Nearly all solar leases include an annual escalator of 1.5% to 3% per year. At 2.9% annually, a $120/month lease payment in year one becomes $195/month by year 20 and $225/month by year 25. Whether this beats your SCE bill at that point depends entirely on how fast SCE rates rise over the same period. SCE rates have historically increased 4% to 6% annually, which means a 2.9% escalator may still produce relative savings in year 20. But the gap narrows each year, and you are betting on a 25-year rate forecast locked into a contract you cannot easily exit.
More importantly, compare the 25-year total outlay of a lease against the 25-year total cost of ownership of a purchased system. In most Temecula scenarios, the owned system costs less in total money spent over 25 years even including interest on a loan, and the homeowner ends with an owned asset rather than an expired lease and nothing to show for two decades of payments.
Solar leases also complicate your home sale. You cannot simply sell the house with the lease attached without resolution. You must either transfer the lease to the buyer (who must qualify under the leasing company's credit requirements and agree to the remaining term) or buy out the lease at its current value, which can range from $5,000 to more than $20,000. Some buyers in Riverside County refuse homes with active solar leases entirely to avoid the assumption process. If you plan to sell within 5 to 10 years, a lease is especially difficult to recommend.
A PPA functions similarly to a lease in terms of ownership and contract structure but with a different billing mechanism. Instead of a fixed monthly payment, you pay a per-kilowatt-hour rate for the electricity your panels produce, typically set at 10% to 30% below your current SCE rate at signing.
For a Temecula homeowner currently paying $0.40 per kWh average (a reasonable blended rate under SCE time-of-use billing in 2026), a PPA at $0.29 per kWh sounds like a meaningful discount. And it is in year one. The problem is the same escalator clause that affects leases: if your PPA rate escalates at 2.9% annually, you are paying $0.47 per kWh by year 20, which may be close to or above what SCE charges at that time.

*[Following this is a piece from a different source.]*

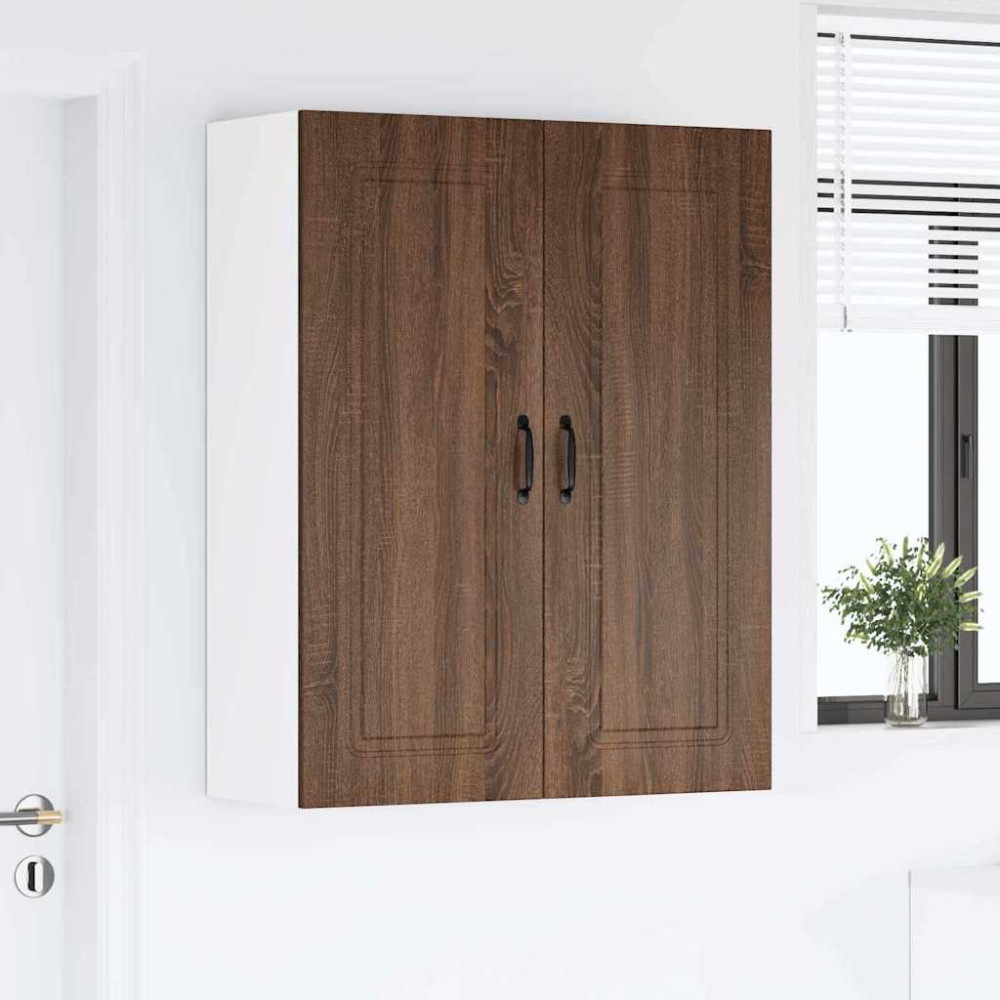 Produktbild för Diskmaskin panel Kalmar Brun Ek 80 x 31 x 100 cm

PPAs also introduce production variability. If your system produces less than expected due to shade, soiling, or panel degradation, your PPA payment drops but your SCE bill for the shortfall rises. You bear the shortfall cost even though you do not own the system.
One genuine advantage of PPAs: the solar company owns and maintains the equipment. If an inverter fails in year 12, the PPA company handles it. Under a cash or loan purchase, you own the problem and pay for repairs beyond manufacturer warranty coverage. For homeowners who want to maximize current cash flow and minimize maintenance responsibility, a PPA with a low escalator (under 2%) from a financially stable provider can make sense. It is almost never the best long-term financial outcome, but it is not irrational for certain buyer profiles.
PPAs carry the same home sale complications as leases. You must either transfer the agreement to the buyer or buy out the remaining contract. PPA buyout prices are often set at a formula that captures the net present value of remaining payments at a discount rate that favors the company. Buyout prices of $15,000 to $25,000 for 15 remaining years of PPA are not unusual.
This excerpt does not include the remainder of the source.